Description of the task. Could the records be returned exactly, with the pictures left out?
+++ Supplied records
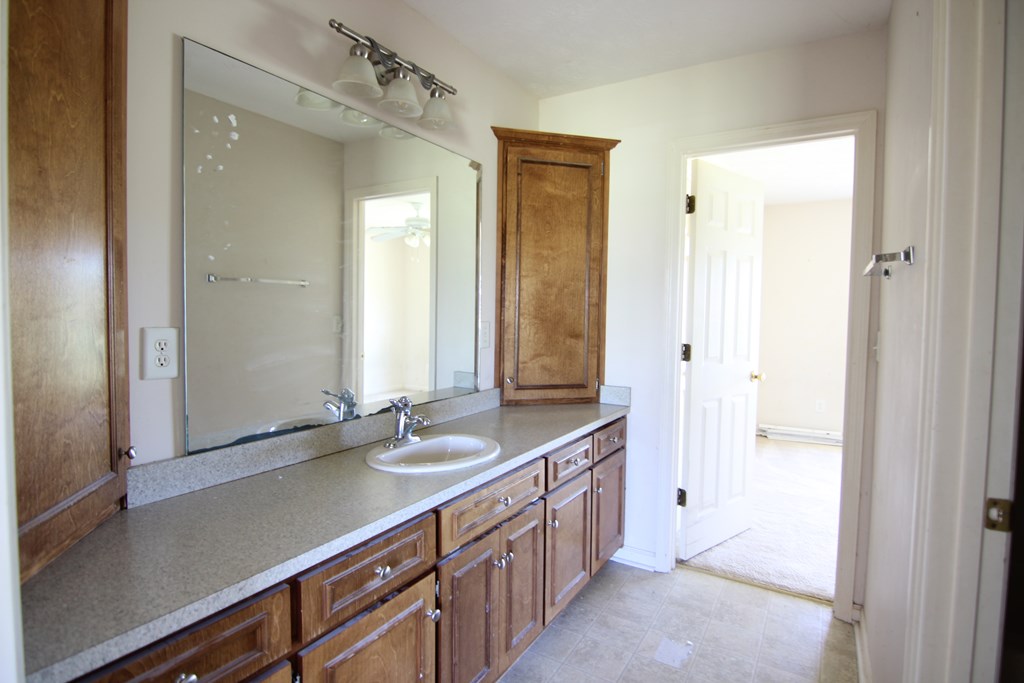 114 McLendon Road Fort Mitchell, AL 36856 - Photo 25 of 37 Jack-n-Jill Bath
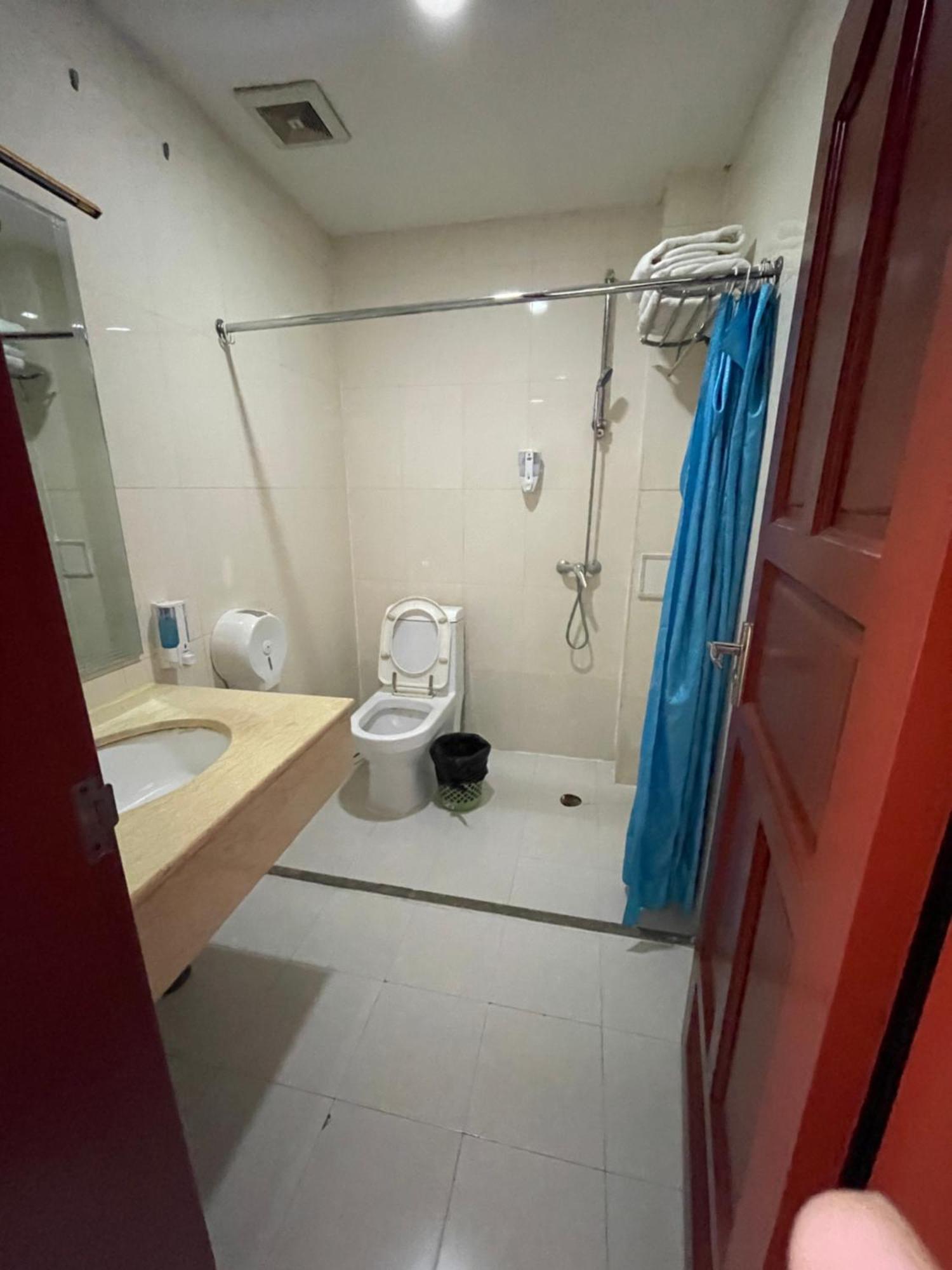 Zolotoi Drakon Hotel อัลมาตี ภายนอก รูปภาพ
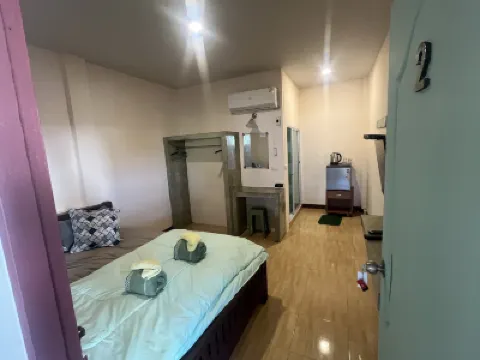 Baimai kohsichang 鄰近席昌島的酒店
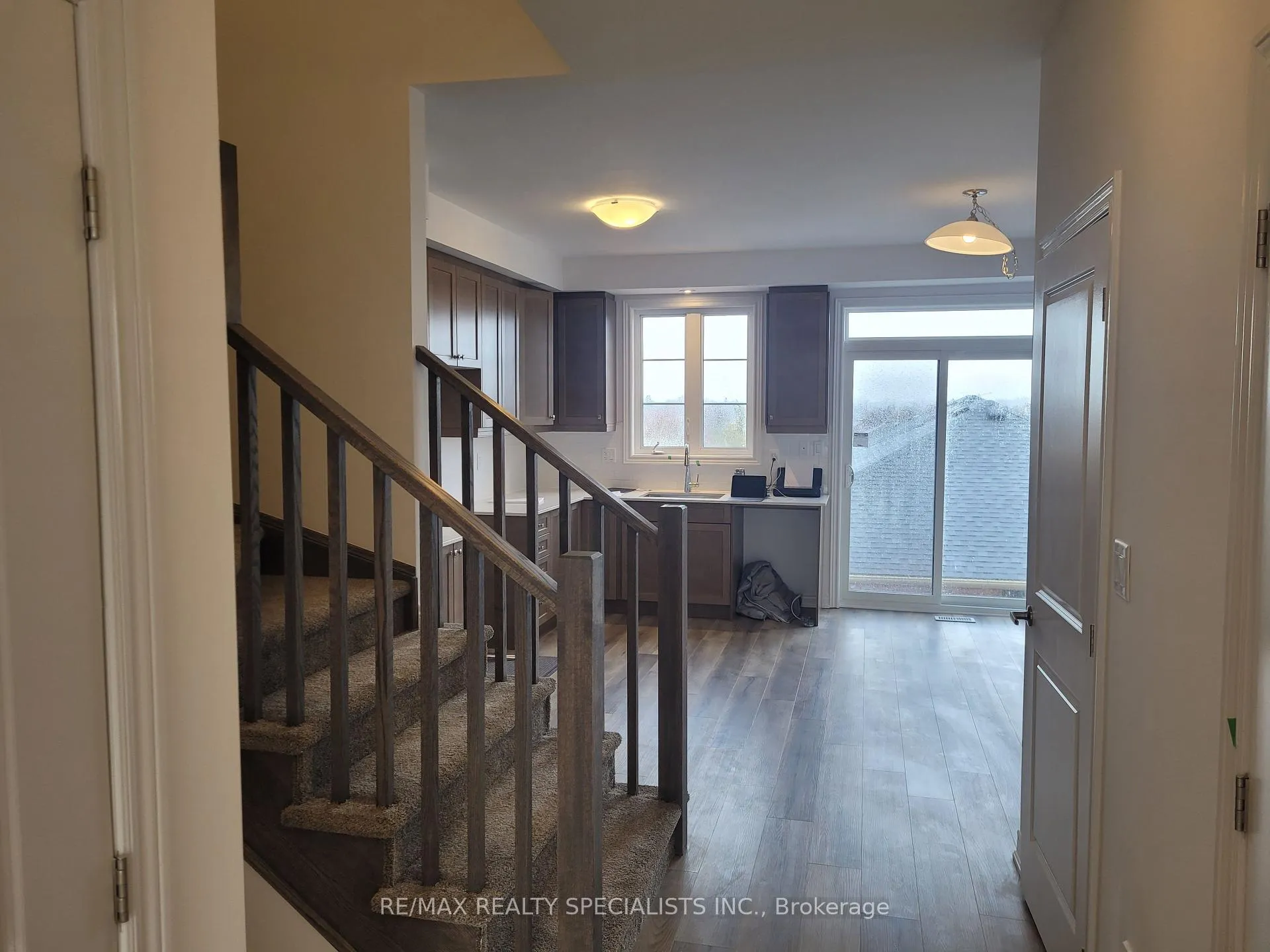 Photo 6 of Unit 4, 120 Court Drive, Brant, Paris — HOMEH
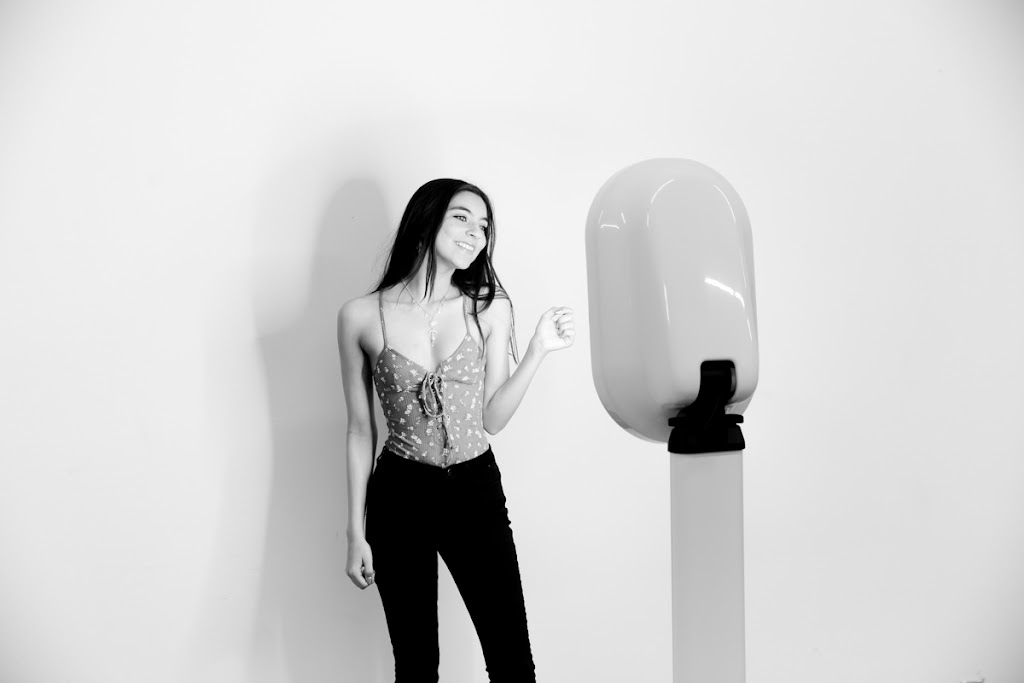 La Vida Photobooth | 586 Abbottsfield Rd NW, Edmonton, AB T5W 4R3, Canada | Phone: (587) 557-1145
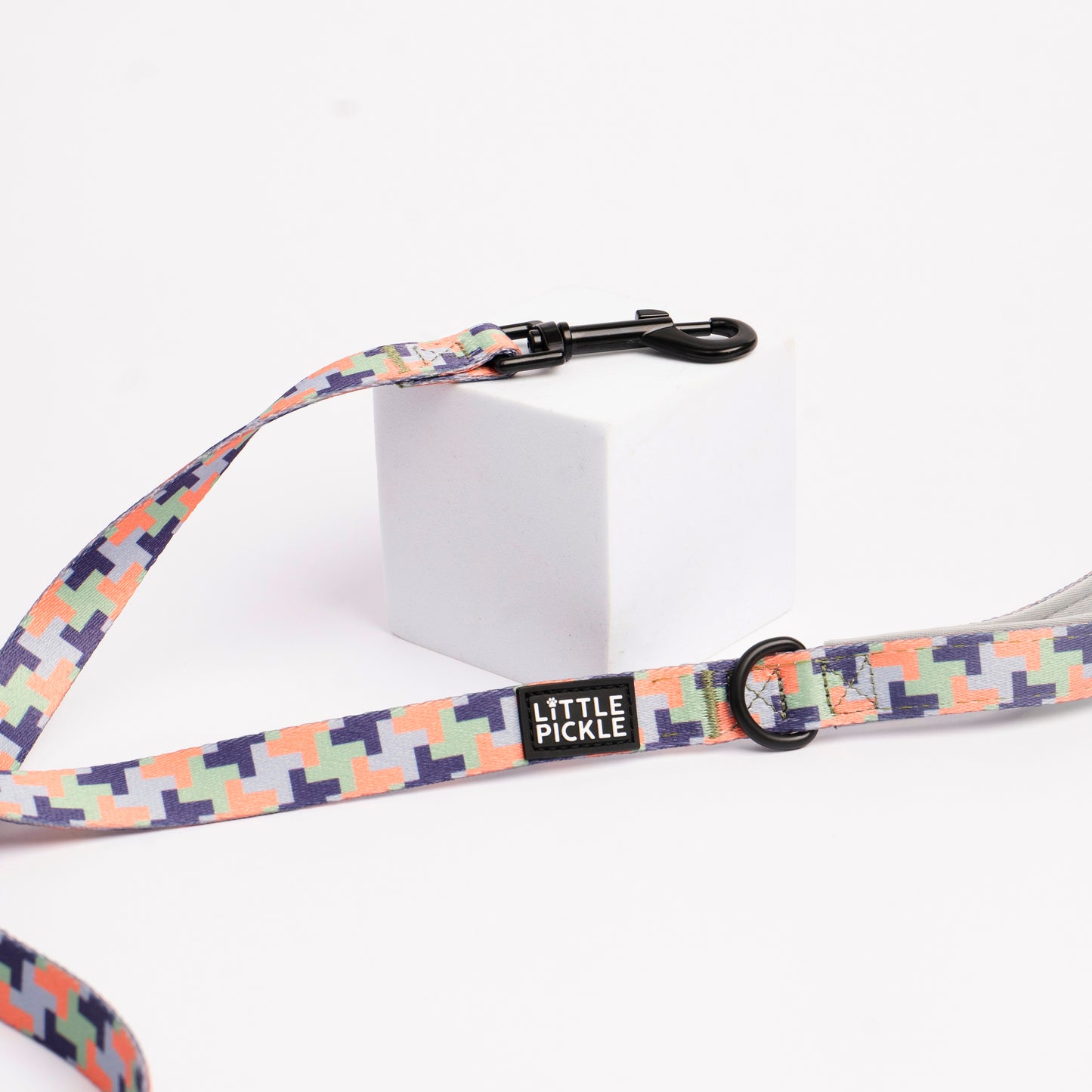 Classic Comfort Leash in Puzzler Design - Little Pickle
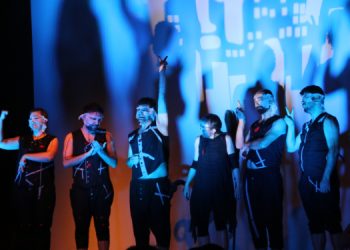 “Serencana Qijikan” oyunu sahnelendi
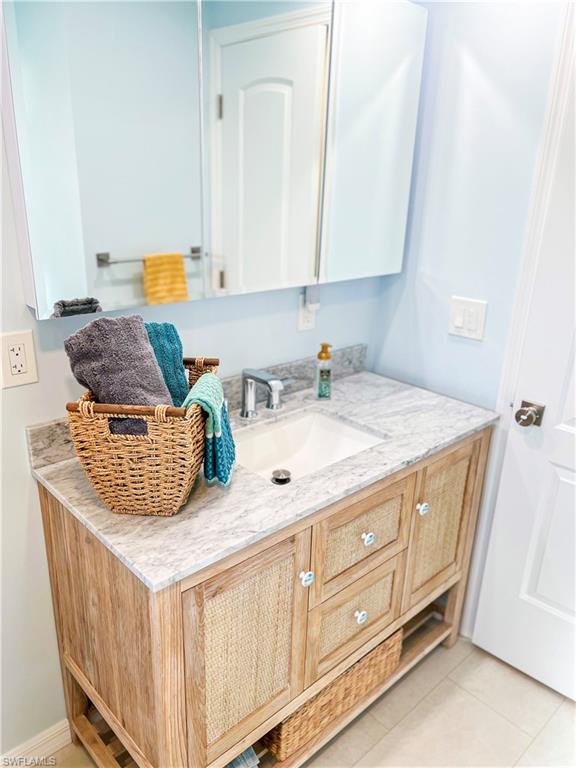 BAYSIDE ESTATES - Residential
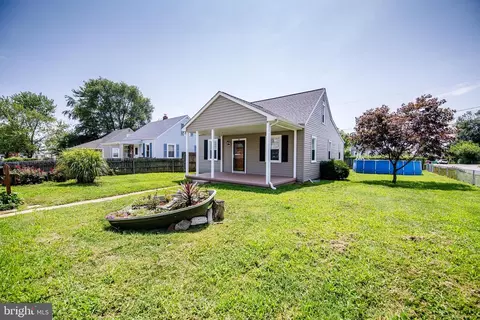 24 Crafton Rd, Essex, MD 21221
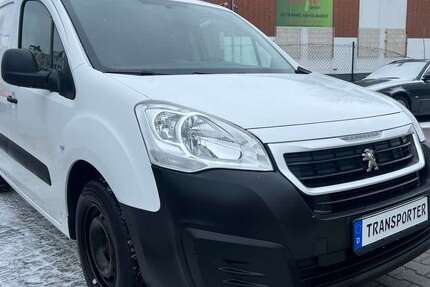 Peugeot Partner 112.300 km 7.490 &euro; Berlin 10551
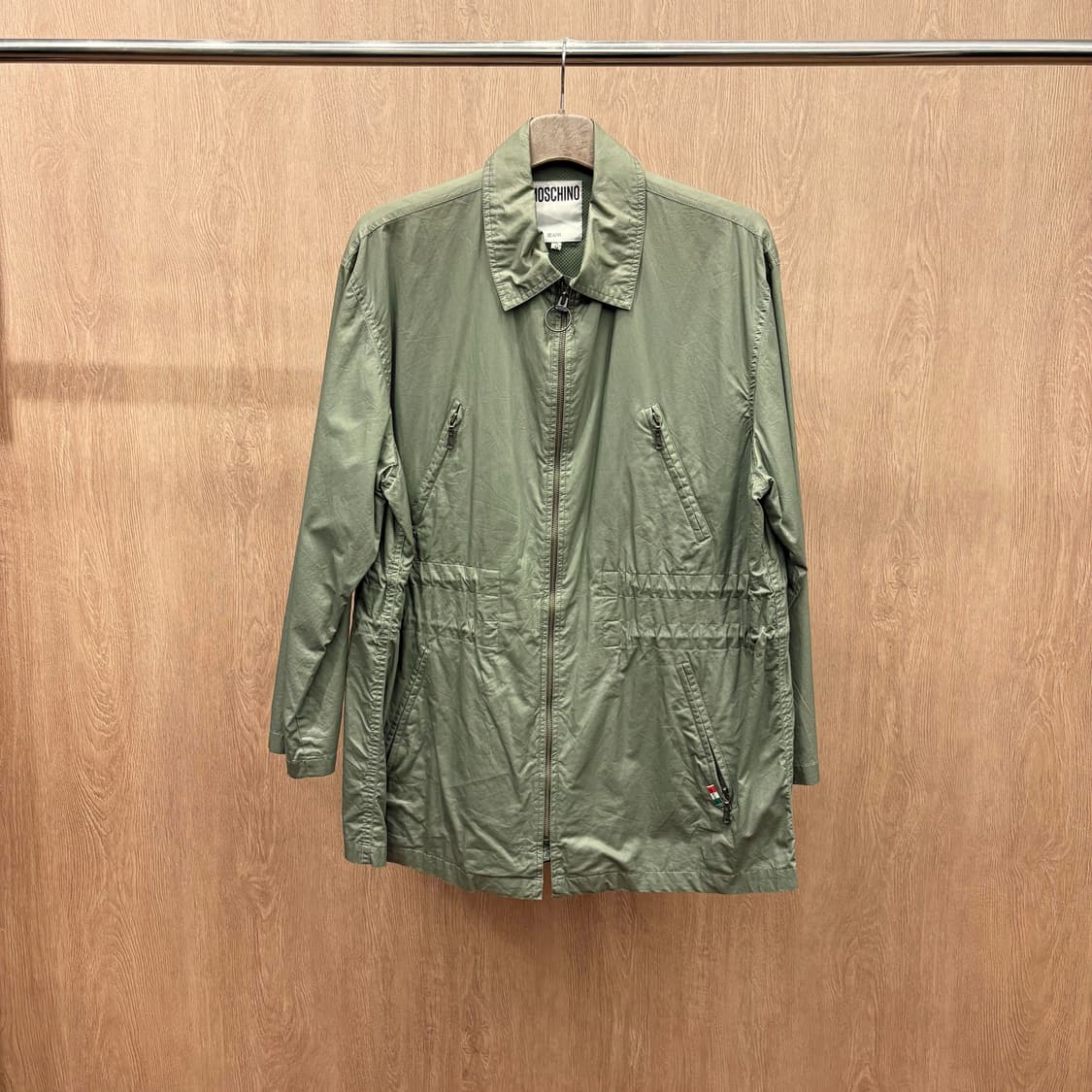 모스키노 진스 미디 집업 자켓 사이드 지퍼 포켓 안감 메쉬 디테일 카키 상품이미지2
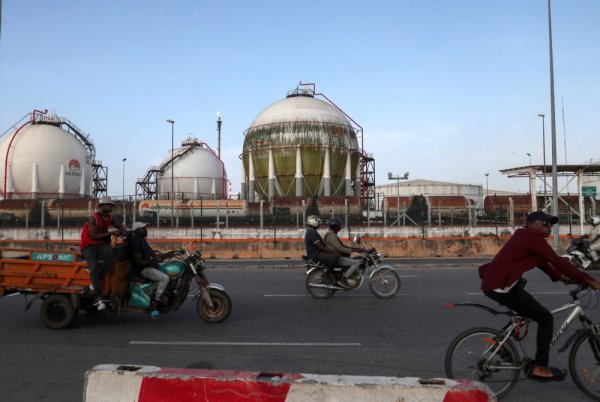 Rastu cijene nafte zbog prosvjeda u Iranu: Trgovci zabrinuti za opskrbu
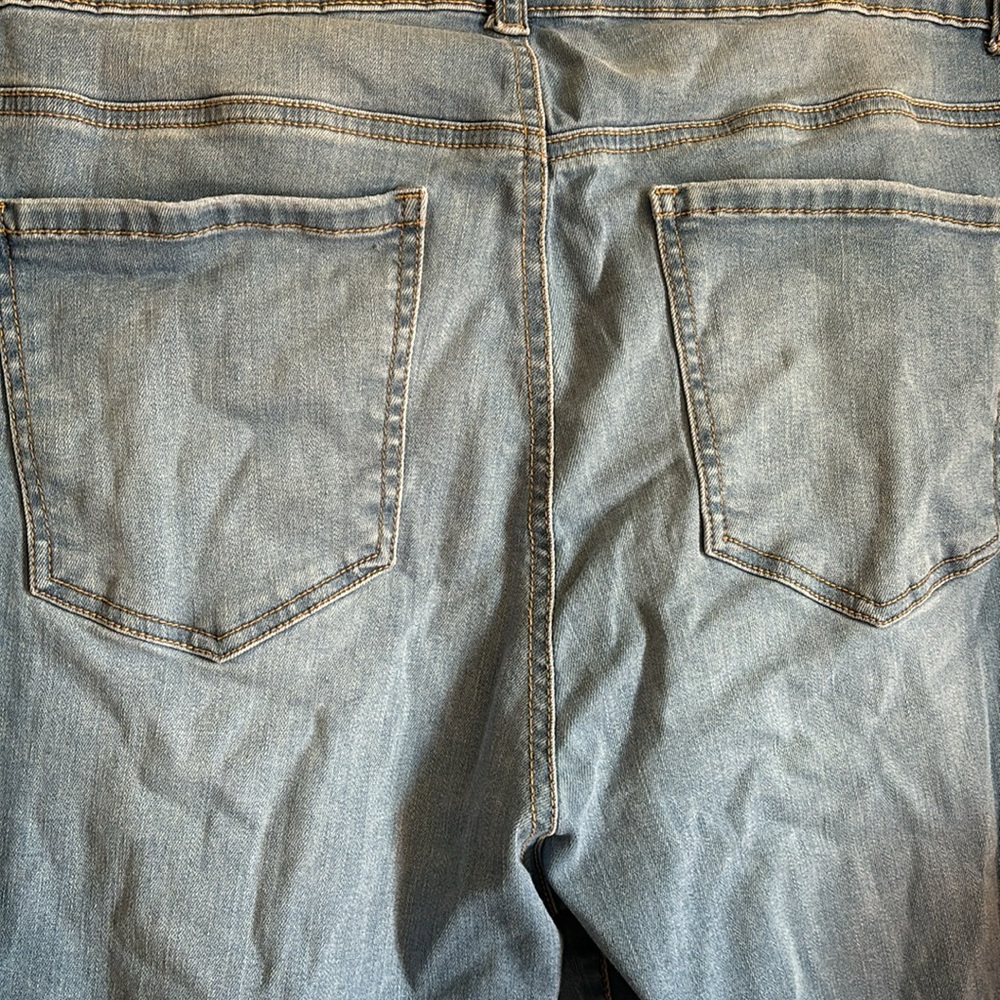 Plus Size Ripped Jeans - Picture 9 of 10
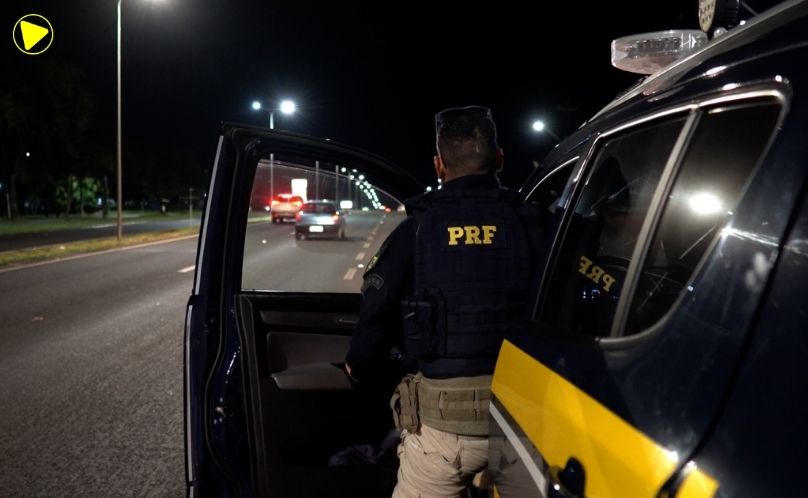 Criminosos fogem após ação da PRF e PM impedir roubo a ônibus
++++++
Task answer.
 114 McLendon Road Fort Mitchell, AL 36856 - Photo 25 of 37 Jack-n-Jill Bath
 Zolotoi Drakon Hotel อัลมาตี ภายนอก รูปภาพ
 Baimai kohsichang 鄰近席昌島的酒店
 Photo 6 of Unit 4, 120 Court Drive, Brant, Paris — HOMEH
 La Vida Photobooth | 586 Abbottsfield Rd NW, Edmonton, AB T5W 4R3, Canada | Phone: (587) 557-1145
 Classic Comfort Leash in Puzzler Design - Little Pickle
 “Serencana Qijikan” oyunu sahnelendi
 BAYSIDE ESTATES - Residential
 24 Crafton Rd, Essex, MD 21221
 Peugeot Partner 112.300 km 7.490 &euro; Berlin 10551
 모스키노 진스 미디 집업 자켓 사이드 지퍼 포켓 안감 메쉬 디테일 카키 상품이미지2
 Rastu cijene nafte zbog prosvjeda u Iranu: Trgovci zabrinuti za opskrbu
 Plus Size Ripped Jeans - Picture 9 of 10
 Criminosos fogem após ação da PRF e PM impedir roubo a ônibus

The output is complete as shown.